Can anyone give me any information on what lathe this is please.
I know it is a myford but does anyone know what model.


----------



## Dalboy (26 Jan 2022)

Looks a little like a Myford M type


----------



## porker (26 Jan 2022)

take a look here Lathes.co.uk


----------



## SammyQ (26 Jan 2022)

M3 or M4.


----------



## Fergie 307 (27 Jan 2022)

Early version of the 3/4. You can tell by the design of the tsilstock. I have a later 4, where the tailstock has a single large nut to hold it down rather than the small ones at the front. As Porker says have a look in lathes.co.uk. Nice old machine for small stuff, and quite a few still around so you often see parts on e bay etc.


----------



## Fergie 307 (27 Jan 2022)

Looking at the picture you have the tumble reverse, and back gear. Looks like you are just missing the covers for the headstock and gears, which is normal. Very rare to find one that is complete with the covers.
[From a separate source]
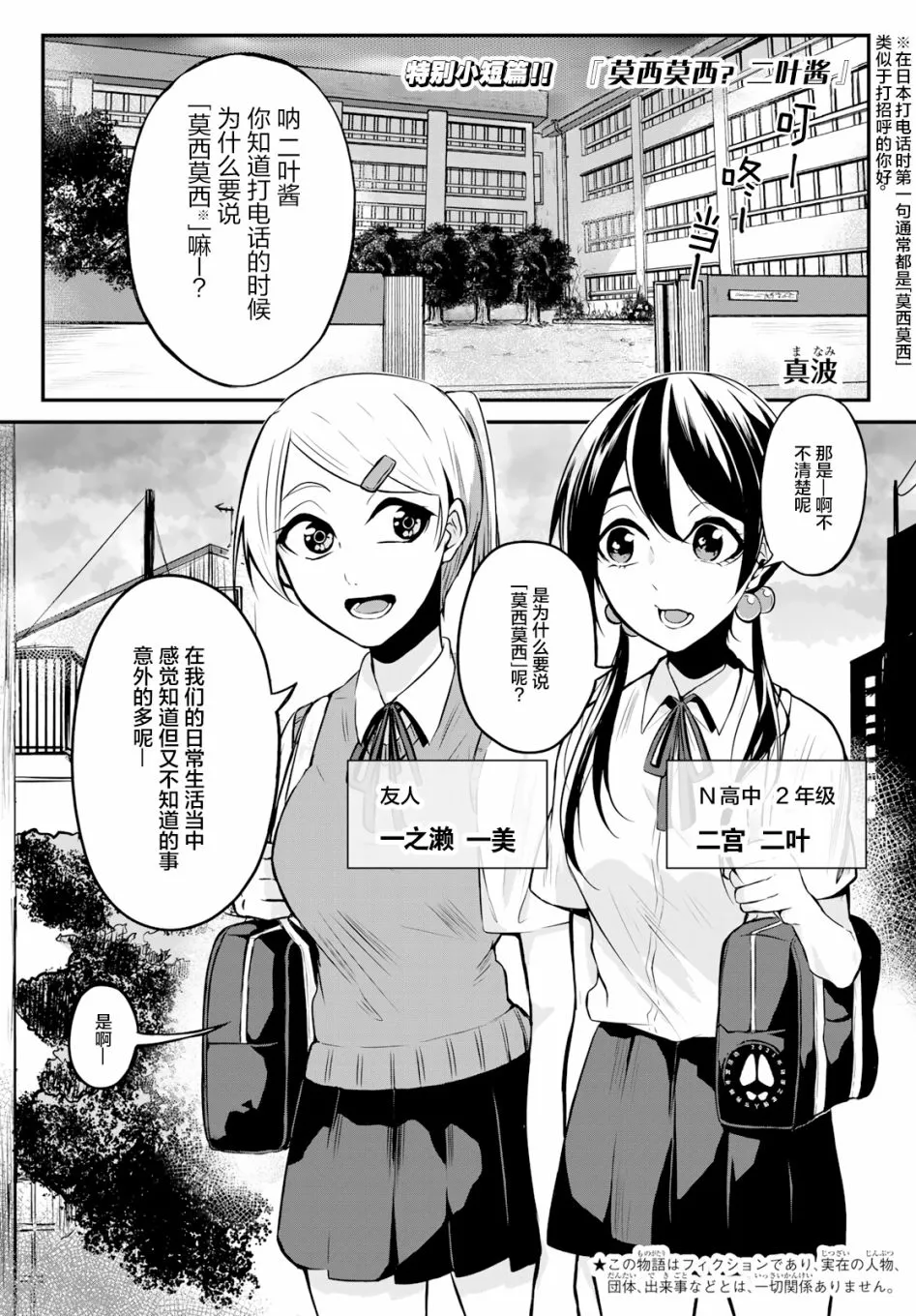 第1话 第1页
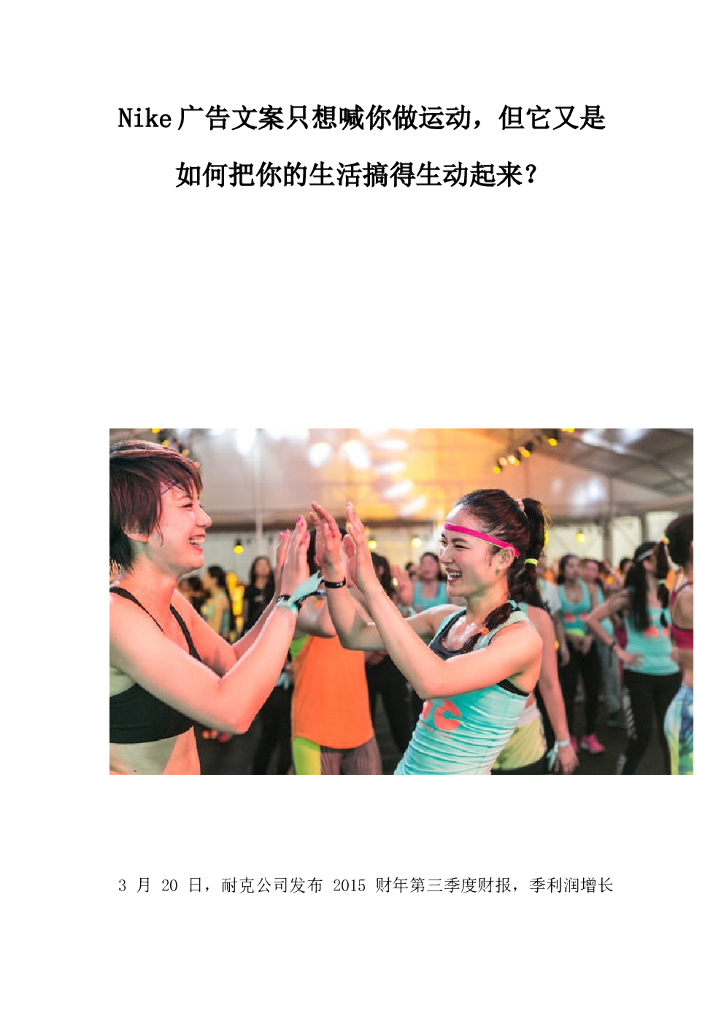 Nike广告文案只想喊你做运动，但它又是如何把你的生活搞得生动起来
Perfectly usable without them. Do you have any change wheel gears with it? You will need these if you want to do screwcutting. Looks as though it already has a set installed so you will have power feed for the saddle, having other sizes just allows you to vary the gearing for different feed speeds and screwcutting. Good idea is to fit a handwheel on the end of the leadscrew, very useful for manual feed. Looks to be fairly complete and not to have been messed about with too much. Nice to have the original motor pulley bracket as well. Only question will be how badly worn it is. Be very careful with the spindle bearings, easy to break the caps if you overtighten them. The bearings are phosphor bronze split bushes, often in perfectly useable condition, will cost quite a bit to have replaced if they're shot.
To adjust them just gently nip up the cap on the left whilst turning the spindle by hand. As soon as you feel slight resistance back it off a tad till it's free again. Then repeat the procedure with the right hand one. Very important to lubricate them well when it's running. I have small brass drip oilers on mine. It's a total loss system so will get through some oil, mine will empty the oilers in about a couple of hours or so of use. Have fun!


----------



## clogs (27 Jan 2022)

my drip oilers, I always forget the turn em off......dohhhh....


----------



## fixit45 (27 Jan 2022)

It looks like it's a Myford M4 with ML7 drive gear .


----------



## SammyQ (28 Jan 2022)

Yup. Just went out and had a good look at mine. M4. 

Be VERY careful with maintaining this one. Recommend you look up several VERY good, informative threads on the M.E. forum, There are a couple of doubled-up set screws in and around back gear and the head which catch people out if not fore-warned. Getting spares (think headstocks) for this baby is in the same universe as rocking horse droppings....


----------